Crane’s standing a few feet away, her back mostly to me, the lines of her body framed by the orangey coil lights stretched across the ceiling. She’s getting something from the food synth, and as I stare—because what the fuck else am I gonna do—I see her strong shoulders tense, tugging up her tank top just enough to show a sliver of her trim waist. Her arms grip the table for support, muscles standing out as she fights it with every single fiber of her body, head tilting, hand rising to her face just in time to barely catch the “hhHUHEESHOO!” in the crook of her arm. It’s more hygienic, maybe, but does absolutely nothing to muffle the sound—her room is so small and tranquil that the sneeze feels even louder and more disruptive in here than out. She sniffles loudly, taking another bowl and holding it under the synth, and I curl my toes inside my beat-up sneakers and try to think of something distinctly unsexy. Warts. Car crashes. Hairless cats. Factorials. It’s actually working pretty well until Crane turns around, one hand scrubbing at the bridge and tip of her broad nose. I can see the thin sheen of wetness on her right arm, the way she still looks vaguely irritated, vaguely itchy, like whatever coaxed out that sudden explosion isn’t done with her yet…

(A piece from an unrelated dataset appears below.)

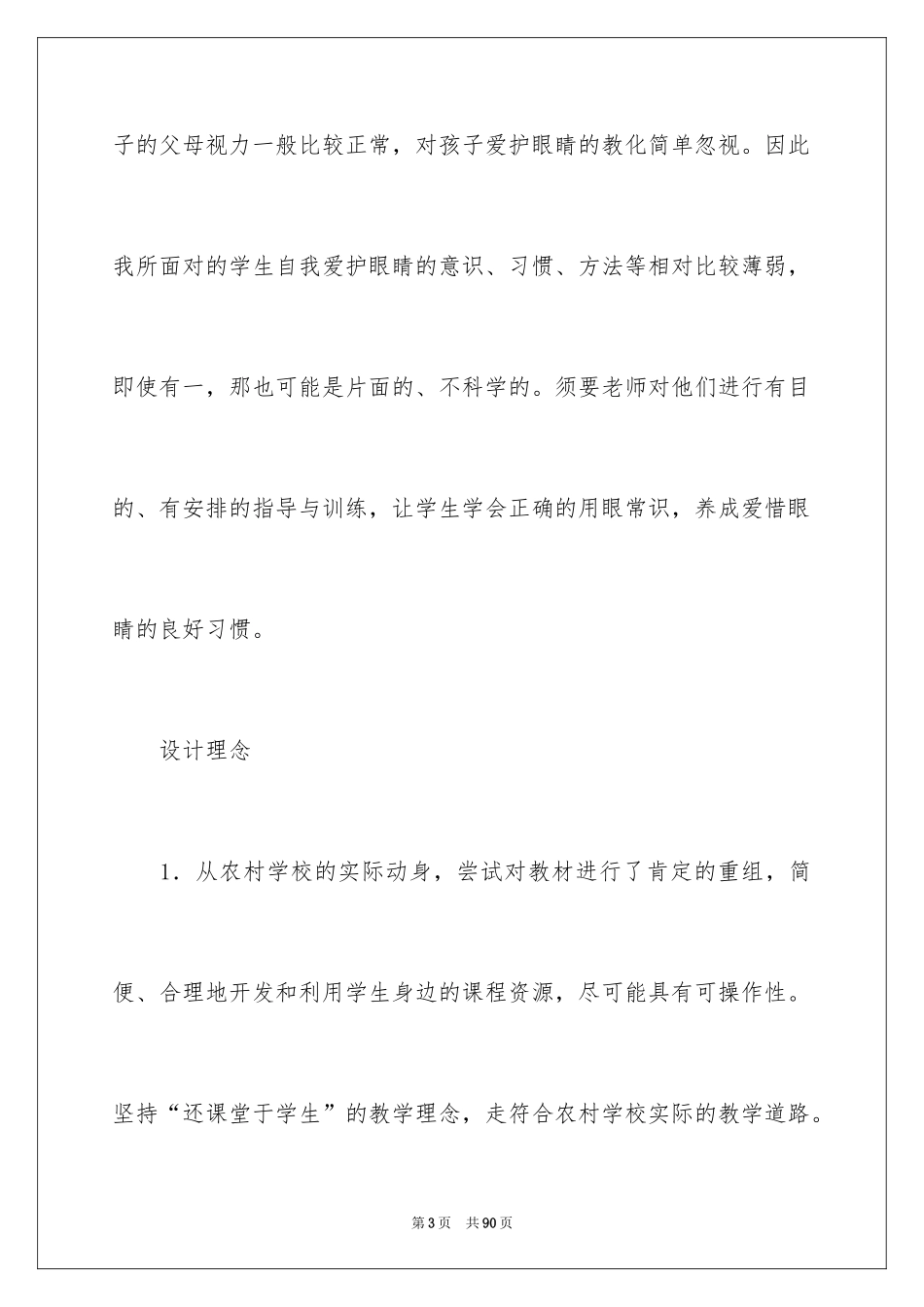 2024《明亮的眼睛》教案_第3页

Of all the fucking times to get a new fetish. Of all the FUCKING times—

“Here.” Crane’s voice and the familiar smell of synth noodles are enough to snap me out of whatever Escherian turn my sexuality is taking, at least for the moment. “Get some blood pressure back.” I take the steaming bowl gratefully and start sucking them down. The broth burns the roof of my mouth something nasty, but I haven’t eaten since a protein bar at 7am so I’m entitled to my masochism. Crane goes for hers more delicately, fingers carefully lifting a few noodles to her mouth at a time. Her nose is still twitching.

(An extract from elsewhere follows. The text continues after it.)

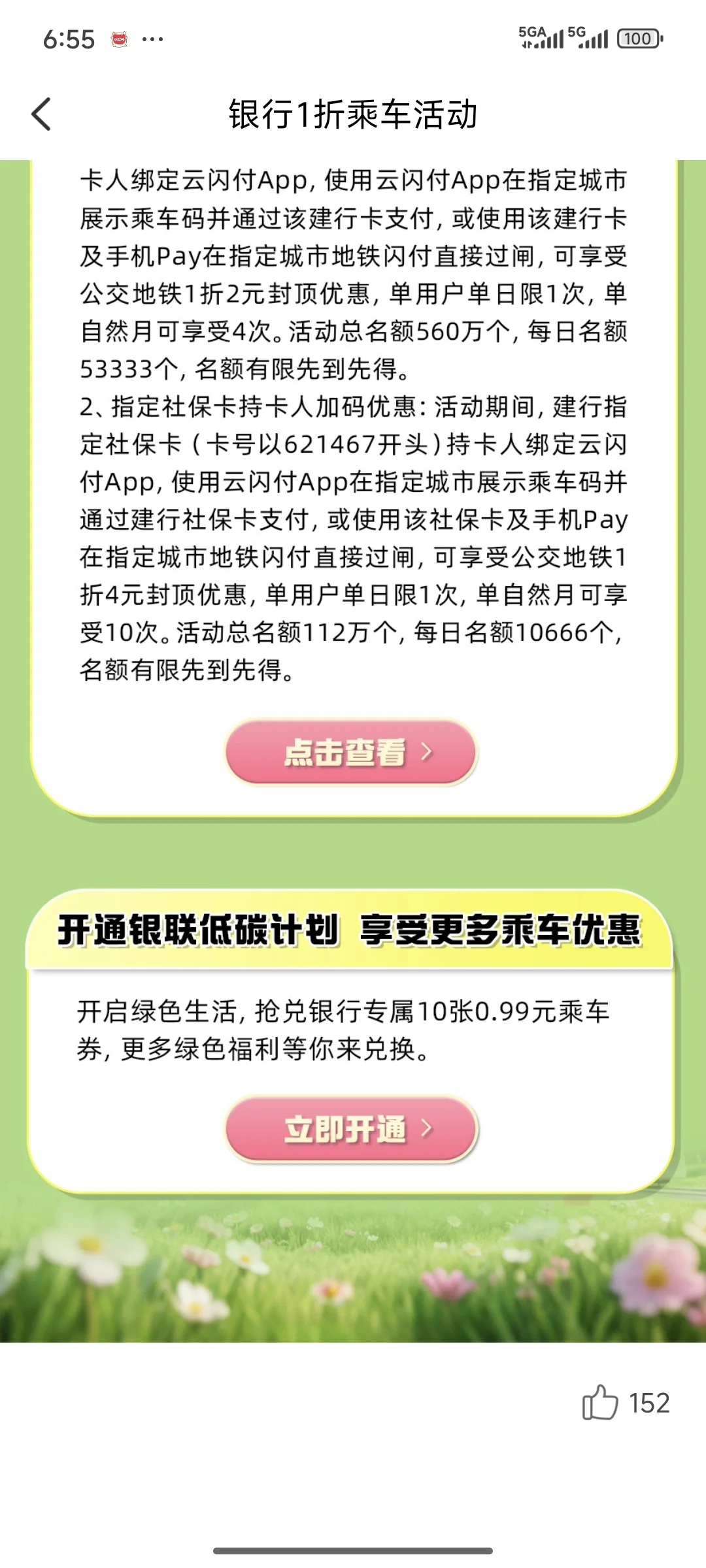 ?云闪付地铁公交?优惠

“Thanks,” I murmur, gingerly prodding my scalded palate with my tongue. “I, uh, I wasn’t out long, was I?”

She shakes her head. “Thirty seconds, maybe. You just needed some time. How do you feel?”

Now there’s a fucking question. “Fine!” I blurt, chipper as I can manage. “No, I'm—I’m totally good. Don’t worry about me, I’m supposed to be asking you.”

Crane’s eyebrows arch a little but then she nods, as if to say fair enough. She takes another stupidly-precise bite of noodle and leans back in her chair, completely at ease even with my fidgety unstable borderline-hyperactive self just inches—inches!— away. God knows how she does it; I certainly couldn’t. I stare into my bowl, terrified I’ll have to say something first, but then she clears her throat.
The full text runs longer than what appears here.